**Assignment:**
Set down all of the data that follows word for word, without the images.

**Supplied data:**
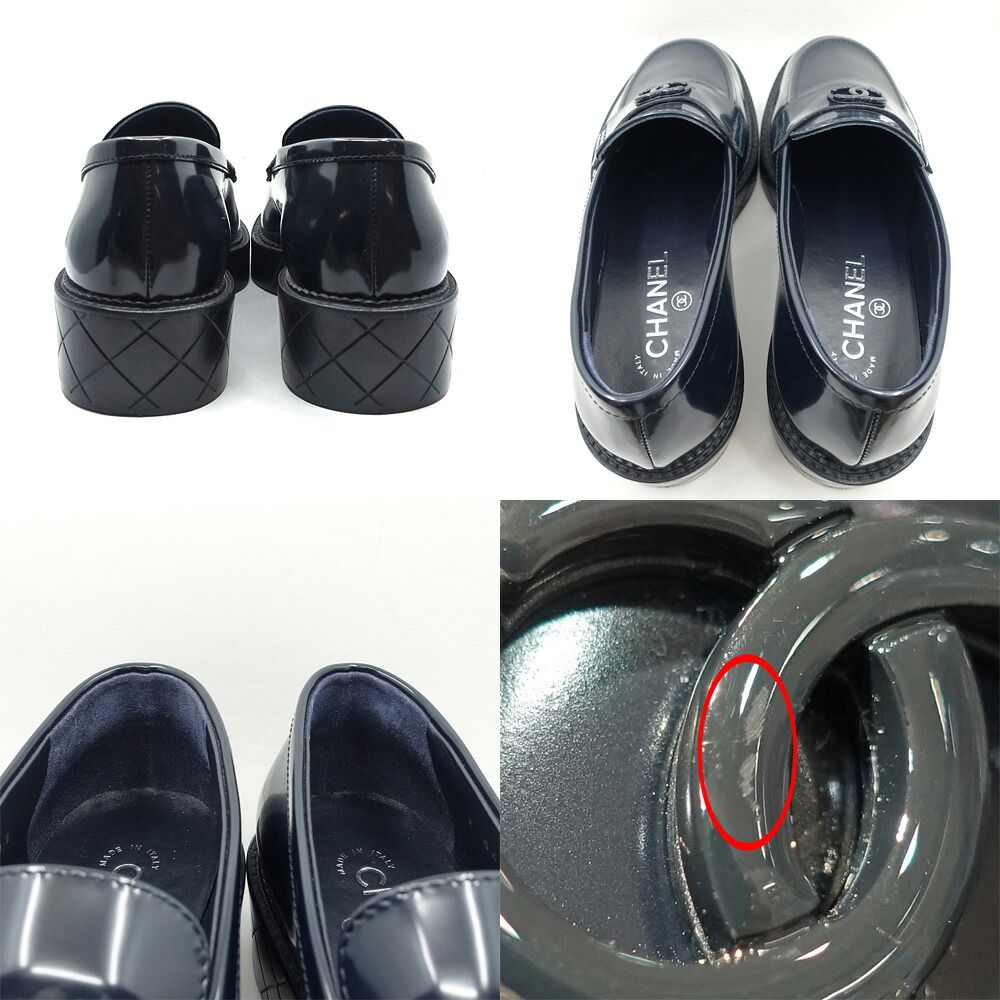 Chanel Loafers Moccasin Shoes Black CC Logo — view 7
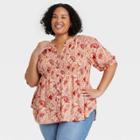 Women's Plus Size Short Sleeve Smocked Button-front Top - Knox Rose Orange Floral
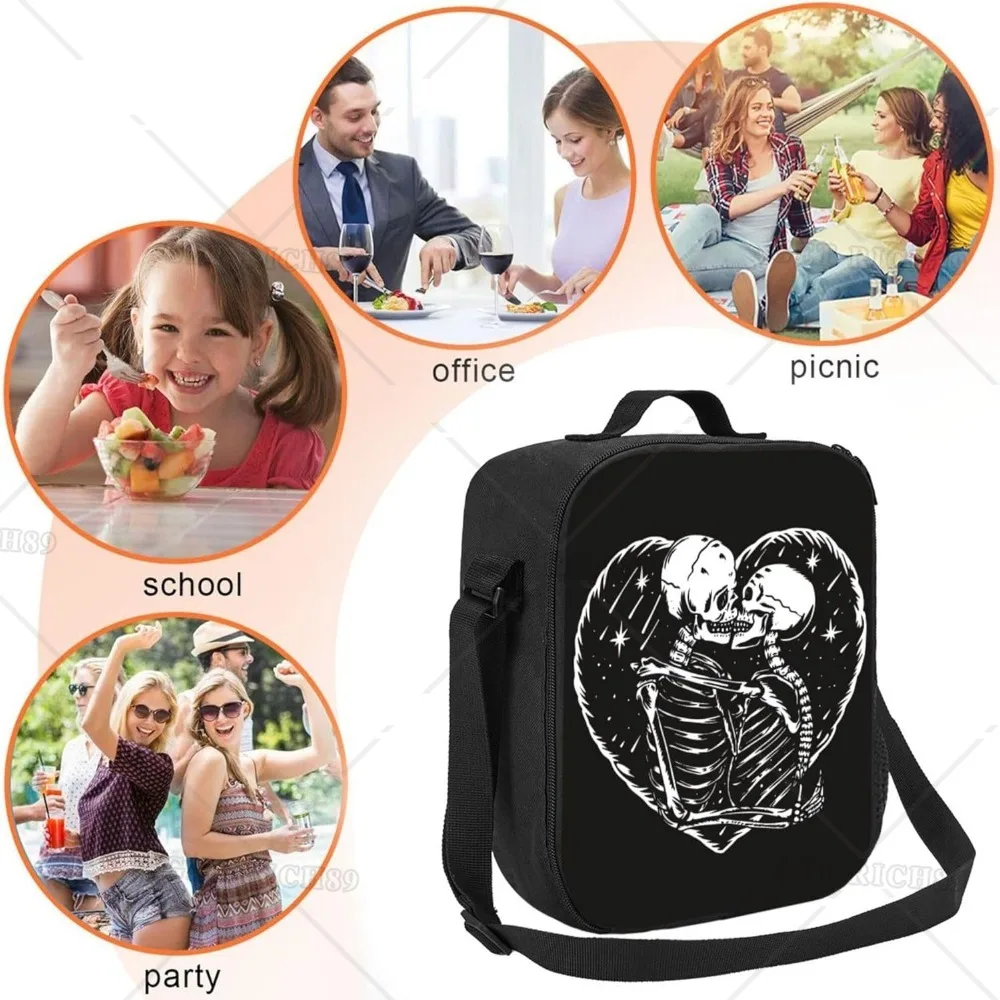 Skull Skeleton Love Kissing borse da pranzo nere per donna uomo borsa termica riutilizzabile isolata per la pesca in spiaggia da Picnic sul lavoro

**Answer box:**
 Chanel Loafers Moccasin Shoes Black CC Logo — view 7
 Women's Plus Size Short Sleeve Smocked Button-front Top - Knox Rose Orange Floral
 Skull Skeleton Love Kissing borse da pranzo nere per donna uomo borsa termica riutilizzabile isolata per la pesca in spiaggia da Picnic sul lavoro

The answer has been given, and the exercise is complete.